Ne zaman birileri “yandaş” lafını kullanacak olsa veya “biat kültürü”nden bahisle karşısındakini itham etse veyahut da iktidarla ilişkiler üzerinden akıl vermeye kalksa; biliyorum ki bu, gazeteciliğin sadece böyle yapıldığını zannetmelerindendir. Onyıllardır gazeteciliği ve yazarlığı mutlak yandaşlık düsturuyla yapan, kendi sınıflarının biatine mahkum olan ve iktidarlara selam durarak ayakta kalabilen gelenek; dürüst, ilkeli ve sadece mesleğin gücüne inanan gazeteciliği bir türlü anlayamıyor.
Herkes için demokrasi istemeyi ve bu demokrasinin de yüksek standartta olmasını arzulamayı bile “yandaşlık” zannetmeleri bundandır.
Neyse ki, daha iyi demokrasinin önündeki son engel olan Kürt meselesi çözülüyor da matruşka gibi çıkarıldıkça bitmeyen takkelerinin sonuncusu da düşüyor. Artık bundan sonra da kel görünmezse, görmeyenlerin körlüğüdür.
Bu bahiste, “mahalle baskısı” lafının da aynen yandaşlık gibi bunu en derin yaşayanların kompleksi olduğunu biliyorum. Biz meslek insanları, medya ve düşünce pazarının klasik sol kesiminde fikir özgürlüğü yaftası altında nasıl bozulamaz bir omerta kuralı olduğunu biliriz. Her şeyi konuşamazsınız, herkesi eleştiremezsiniz veya hak edilmiş takdir sözlerini bile ifade edemezsiniz. Hasılı, sürüden ayrılamazsınız...

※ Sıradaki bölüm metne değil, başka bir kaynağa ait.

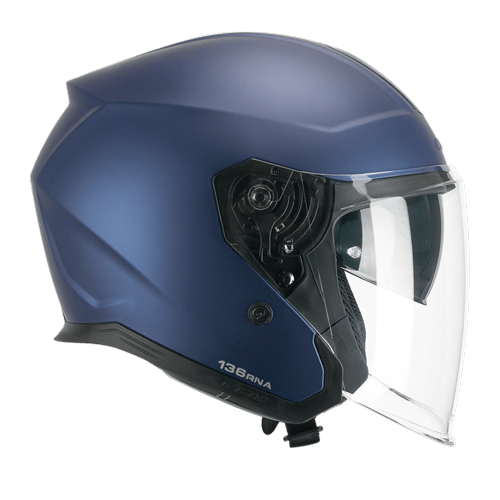 [136A-BLV-06 A1] Casco Jet CGM 136A RNA Mono Azul Satinado (XS)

Eski Türkiye medyası, sanat ve düşünce kampı için özgürlük çoğu kez tek bir fikrin; yani ulusalcı-yarı liberal hattın üstünlüğünü müdafaa etmekten ibarettir.
Böyle olduğu için, yıllardır savundukları fikirler bugün hayata geçmesine rağmen suratlarından düşen bin parçadır.

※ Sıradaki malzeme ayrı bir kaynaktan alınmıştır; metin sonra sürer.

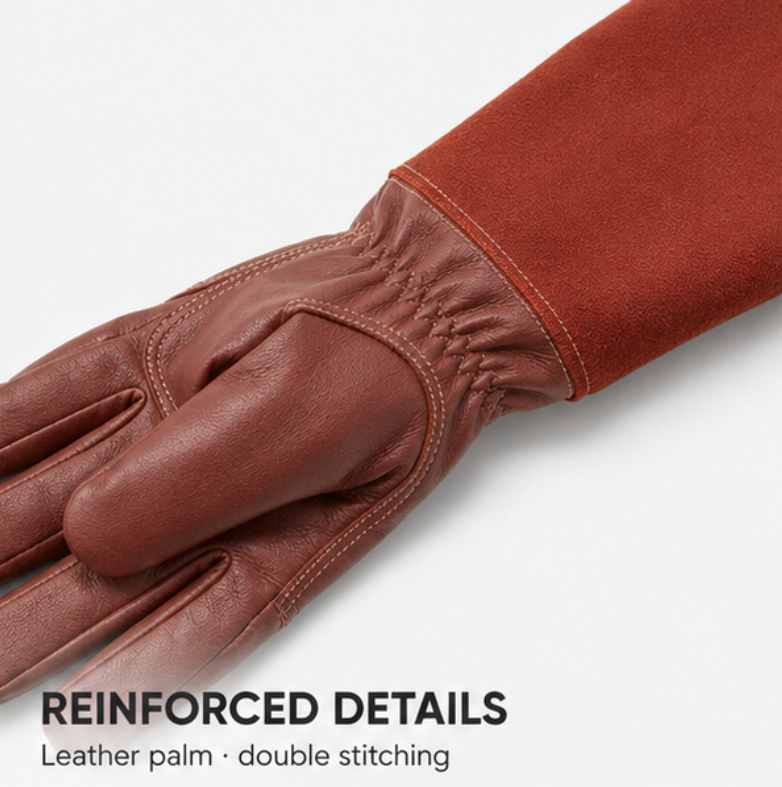 Gants de jardinage offrant maintien au poignet et bonne prise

İçlerinden biri yanılıp yapılanları ucundan kıyısından methedecek olsa “mahalle baskısı”nın alasını görür ki; gördüler biliyoruz. Yanılıp iktidar sokağından geçen yılların sanatçılarının, yorumcularının, tiyatrocularının bir kalemde harcandıklarını biliyoruz. Harcanırlar zira; bir sokaktan geçilecekse bu CHP ya da İşçi Partisi sokağı olmalıdır!
Evet... Baskı sır değil ama bu meselenin Radikal yazarı Uğur Vardan gibi mahallenin en makul görünen şahıslarına kadar vardığını ve hatta başkalarının ekmeğine hücum edecek bir öfkeye bulandığını bilmiyordum.
Öyleymiş meğer...
Şahan Gökbakar’ı tanımam ve filmlerinin de pek meraklısı sayılmam. Malum, 1 Mayıs’ta Taksim sırtlarında eylem yapanları işçiye benzetemediği mealinde sözler sarf etmişti. İzleyebildiğim kadarıyla bir hayli destekçi de bulmuştu.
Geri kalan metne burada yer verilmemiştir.